### RAW DATA
■ ■ ■ ■

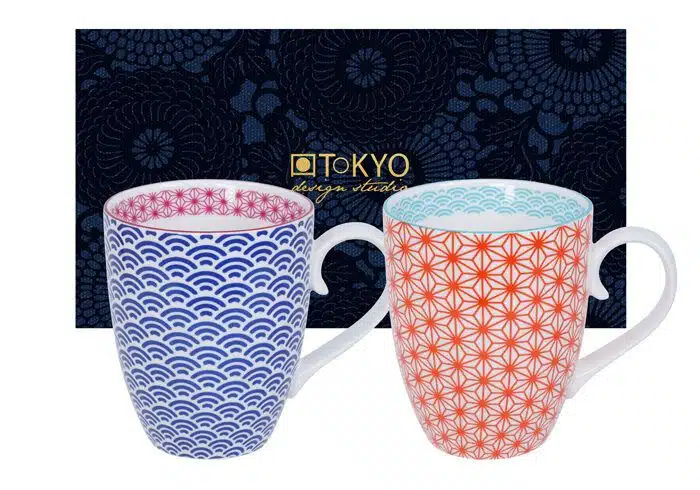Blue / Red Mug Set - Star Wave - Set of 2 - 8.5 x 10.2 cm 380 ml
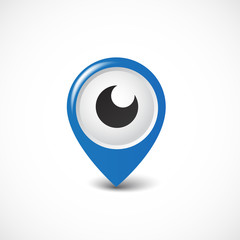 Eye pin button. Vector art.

■ ■ ■ ■

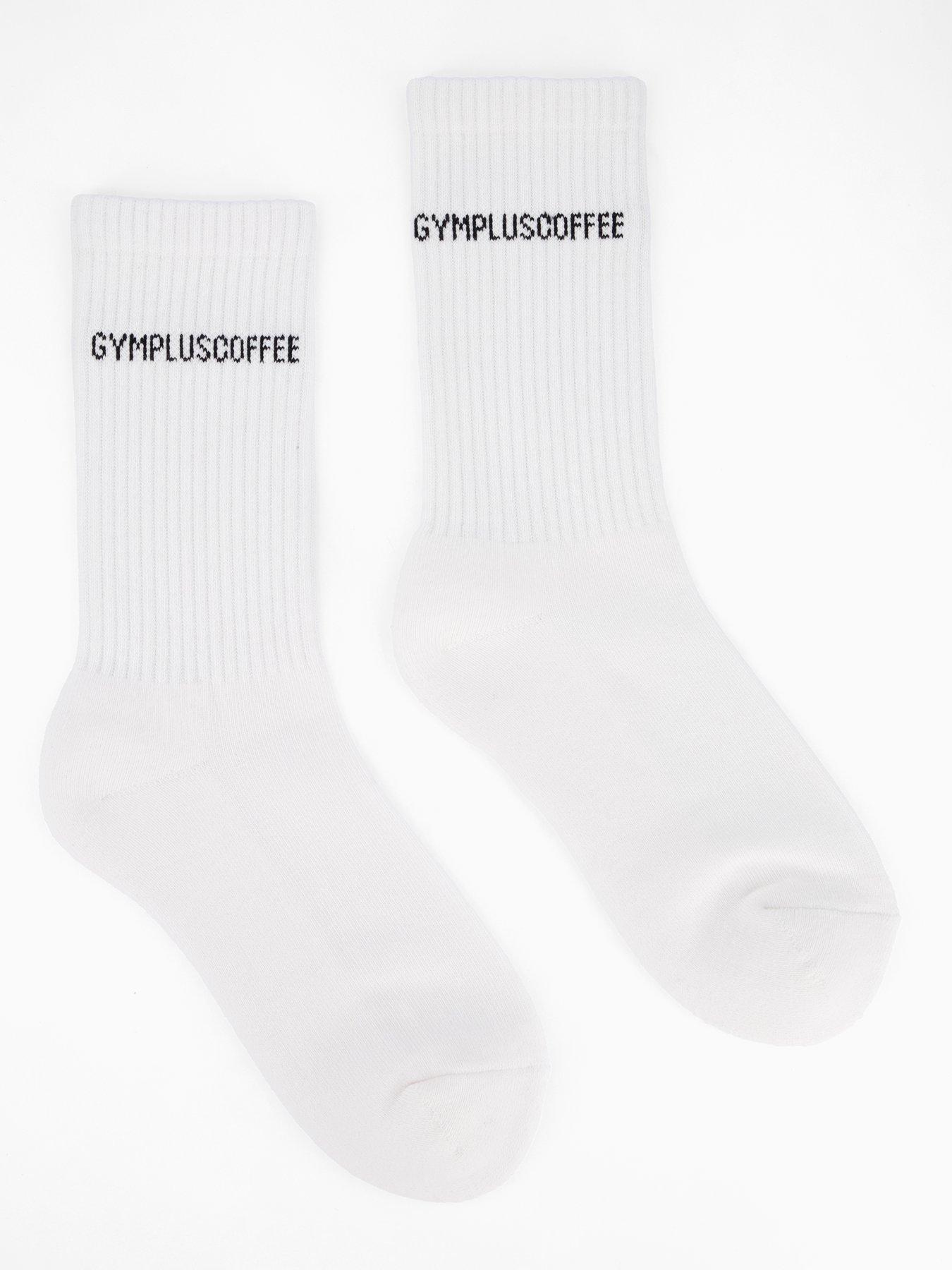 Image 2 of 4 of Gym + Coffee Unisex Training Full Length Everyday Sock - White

■ ■ ■ ■

### YOUR GOAL
Copy only these lines from the records above, exactly: the one with "Blue / Red Mug", the one with "Eye pin button. Vector art.", and those between. Skip the pictures.

### SOLUTION TO THIS TASK
Blue / Red Mug Set - Star Wave - Set of 2 - 8.5 x 10.2 cm 380 ml
 Eye pin button. Vector art.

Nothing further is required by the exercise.